→ Extracted material:
=== Section Start ===

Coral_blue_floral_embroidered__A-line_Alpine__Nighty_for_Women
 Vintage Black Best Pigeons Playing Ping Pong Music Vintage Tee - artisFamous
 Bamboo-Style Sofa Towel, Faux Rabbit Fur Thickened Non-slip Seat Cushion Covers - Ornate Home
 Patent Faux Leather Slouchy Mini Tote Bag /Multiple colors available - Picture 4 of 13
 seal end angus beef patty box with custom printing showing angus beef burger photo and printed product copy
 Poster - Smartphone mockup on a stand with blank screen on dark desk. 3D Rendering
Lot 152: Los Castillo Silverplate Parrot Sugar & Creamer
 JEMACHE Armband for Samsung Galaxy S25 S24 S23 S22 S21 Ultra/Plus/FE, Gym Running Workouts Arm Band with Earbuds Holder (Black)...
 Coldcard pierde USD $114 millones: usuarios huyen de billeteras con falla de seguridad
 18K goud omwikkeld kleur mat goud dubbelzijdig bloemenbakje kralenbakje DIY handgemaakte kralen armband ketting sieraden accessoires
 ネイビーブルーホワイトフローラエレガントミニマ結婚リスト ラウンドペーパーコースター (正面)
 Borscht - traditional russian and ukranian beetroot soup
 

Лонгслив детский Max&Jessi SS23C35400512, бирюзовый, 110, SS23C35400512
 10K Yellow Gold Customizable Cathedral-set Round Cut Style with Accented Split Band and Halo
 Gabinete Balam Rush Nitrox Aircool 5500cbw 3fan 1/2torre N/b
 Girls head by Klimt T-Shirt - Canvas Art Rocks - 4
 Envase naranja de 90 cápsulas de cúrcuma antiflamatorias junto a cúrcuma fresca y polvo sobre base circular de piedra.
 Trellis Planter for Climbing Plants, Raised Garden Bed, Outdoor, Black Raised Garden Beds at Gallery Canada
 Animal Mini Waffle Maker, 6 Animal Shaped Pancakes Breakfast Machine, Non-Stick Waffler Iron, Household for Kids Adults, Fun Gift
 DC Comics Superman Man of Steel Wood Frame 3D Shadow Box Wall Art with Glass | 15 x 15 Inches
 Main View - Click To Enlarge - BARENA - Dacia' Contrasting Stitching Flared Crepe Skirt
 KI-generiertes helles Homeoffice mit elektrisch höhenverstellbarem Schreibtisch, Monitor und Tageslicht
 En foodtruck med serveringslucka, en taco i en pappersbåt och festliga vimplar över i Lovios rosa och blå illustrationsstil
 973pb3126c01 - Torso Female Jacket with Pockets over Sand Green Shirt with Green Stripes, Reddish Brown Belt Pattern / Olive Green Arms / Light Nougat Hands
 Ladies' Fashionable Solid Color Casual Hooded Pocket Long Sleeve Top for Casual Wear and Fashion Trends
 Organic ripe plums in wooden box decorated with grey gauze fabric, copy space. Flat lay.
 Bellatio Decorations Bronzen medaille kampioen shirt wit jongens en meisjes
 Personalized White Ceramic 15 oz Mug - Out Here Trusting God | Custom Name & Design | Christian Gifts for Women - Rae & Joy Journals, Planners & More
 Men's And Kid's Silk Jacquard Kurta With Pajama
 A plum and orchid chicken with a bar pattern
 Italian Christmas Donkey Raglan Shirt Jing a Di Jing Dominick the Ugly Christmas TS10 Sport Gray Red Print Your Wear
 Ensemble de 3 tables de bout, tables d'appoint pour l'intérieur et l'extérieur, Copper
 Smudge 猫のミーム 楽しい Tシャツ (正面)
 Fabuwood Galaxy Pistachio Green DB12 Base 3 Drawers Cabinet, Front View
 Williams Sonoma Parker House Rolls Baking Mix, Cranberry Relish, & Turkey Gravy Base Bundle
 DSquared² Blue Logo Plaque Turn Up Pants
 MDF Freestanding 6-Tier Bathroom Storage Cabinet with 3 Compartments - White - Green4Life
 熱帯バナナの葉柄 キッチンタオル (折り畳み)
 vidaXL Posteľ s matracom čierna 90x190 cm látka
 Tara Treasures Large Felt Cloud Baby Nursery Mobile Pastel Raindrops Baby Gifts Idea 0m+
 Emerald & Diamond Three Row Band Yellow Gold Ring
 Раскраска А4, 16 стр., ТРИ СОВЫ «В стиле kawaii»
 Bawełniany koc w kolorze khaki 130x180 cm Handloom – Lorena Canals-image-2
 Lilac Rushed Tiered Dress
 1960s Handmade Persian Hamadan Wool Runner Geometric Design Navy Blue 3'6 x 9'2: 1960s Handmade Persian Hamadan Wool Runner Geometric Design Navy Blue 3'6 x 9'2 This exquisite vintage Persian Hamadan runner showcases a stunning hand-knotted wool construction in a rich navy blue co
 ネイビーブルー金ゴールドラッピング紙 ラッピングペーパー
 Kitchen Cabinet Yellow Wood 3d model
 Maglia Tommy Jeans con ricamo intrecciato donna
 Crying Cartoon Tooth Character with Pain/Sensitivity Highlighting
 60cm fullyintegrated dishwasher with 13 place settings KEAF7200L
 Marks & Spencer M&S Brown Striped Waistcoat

=== Section End ===

→ About this exercise:
Could you output, exactly and with nothing else, the lines from the start of the records through the line containing "Patent Faux Leather"?

→ Completed exercise:
Coral_blue_floral_embroidered__A-line_Alpine__Nighty_for_Women
 Vintage Black Best Pigeons Playing Ping Pong Music Vintage Tee - artisFamous
 Bamboo-Style Sofa Towel, Faux Rabbit Fur Thickened Non-slip Seat Cushion Covers - Ornate Home
 Patent Faux Leather Slouchy Mini Tote Bag /Multiple colors available - Picture 4 of 13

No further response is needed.